In the mid-tenth century ce, two Muslim scholars were having a chat in Baghdad. One of them, called Ibn al-Jiʿābī, was well known to contemporaries as a fairly prolific author and historian, even if none of his works survive today. While these two scholars were chatting, a group of Shiʿa approached them and handed Ibn al-Jiʿābī a purse of dirhams. They mentioned that they knew he was compiling a history of Baghdad’s scholars and other noteworthy inhabitants and asked him if he would add to his history ʿAlī b. Abī Ṭālib, the prophet Muḥammad’s cousin and son-in-law, considered by the Shiʿa to be the prophet’s legitimate successor. ʿAlī had died long before the foundation of Baghdad from 763 ce by the Abbasid caliph al-Manṣūr, but this was apparently no obstacle and Ibn al-Jiʿābī agreed to add him to the individuals included in his history of that city. The colleague with whom he had been talking, a Sunni scholar called Ibn Rizqawayh, asked him what the source basis was for his agreement to include ʿAlī in his history.
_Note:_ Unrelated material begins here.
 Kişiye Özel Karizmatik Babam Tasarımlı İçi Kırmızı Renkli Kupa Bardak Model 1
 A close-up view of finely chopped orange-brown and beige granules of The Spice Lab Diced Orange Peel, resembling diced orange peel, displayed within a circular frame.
Ibn al-Jiʿābī simply told him it was the group he had just seen.
The Muslim community famously established a vast empire over the seventh and eighth centuries, stretching by the 730s from the Atlantic Ocean to the mountain ranges of Central Asia. They took a bit longer than this to articulate the history of the formation of their community and the foundation of that empire. From the ninth century onwards, however, many scholars took up this task with enthusiasm and many historical works from this period and later centuries survive today. Some of the better known of these works are so-called universal histories and works with a transregional focus. It seems, however, that over the ninth-to-eleventh centuries, the main period of focus in this book, far more works of local history—histories of a particular town or region—were actually produced. They were clearly important and played a significant role in the ways that Muslim communities across the vast Islamic world thought about what united them and defined them. As the above anecdote—which actually survives in perhaps the most famous local history written in these centuries, al-Khaṭīb al-Baghdādī’s (d. 1071) History of Baghdad—demonstrates, local history-writing could be one battleground in the conflicts over communal identity and memory fought between different Muslim communities. Some groups were even willing to pay money, which the occasional unscrupulous historian was apparently willing to accept, to make sure that key figures in their community’s memory were commemorated in appropriate local histories.
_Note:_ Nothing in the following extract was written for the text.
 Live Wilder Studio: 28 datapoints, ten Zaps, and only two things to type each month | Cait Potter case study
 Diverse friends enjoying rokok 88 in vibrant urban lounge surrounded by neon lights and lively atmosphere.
Why was this such a popular and important form of history-writing for early Muslims and what purposes did it serve? This book sets to answer questions such as these against the backdrop of the creation over the early Islamic centuries of scholarly communities with different understandings of the potential universality of humanity, of the Muslim community (in Arabic, umma) and of its various local manifestations. As it does this, the book makes two particular arguments about the best way for us to understand the popularity of local history-writing over the ninth-to-eleventh centuries.
First of all, we should think beyond understanding local history-writing as simply an expression of local pride. This was probably very important to many local historians, but since local pride could be expressed in ways beyond compiling a history, it alone does not work all that well as an explanation for that activity’s popularity. Furthermore, a few historians compiled multiple works about many different individual towns and regions, some of which were not ‘local’ to them at all. Secondly, the book argues we have to rethink the relationship between universal and local history-writing and that the two approaches were in many ways closer to each other than is often appreciated. They represent two different ways of building a past/pasts for a community/communities, but the overlaps and divergences between them are not always where they have perhaps been expected or assumed.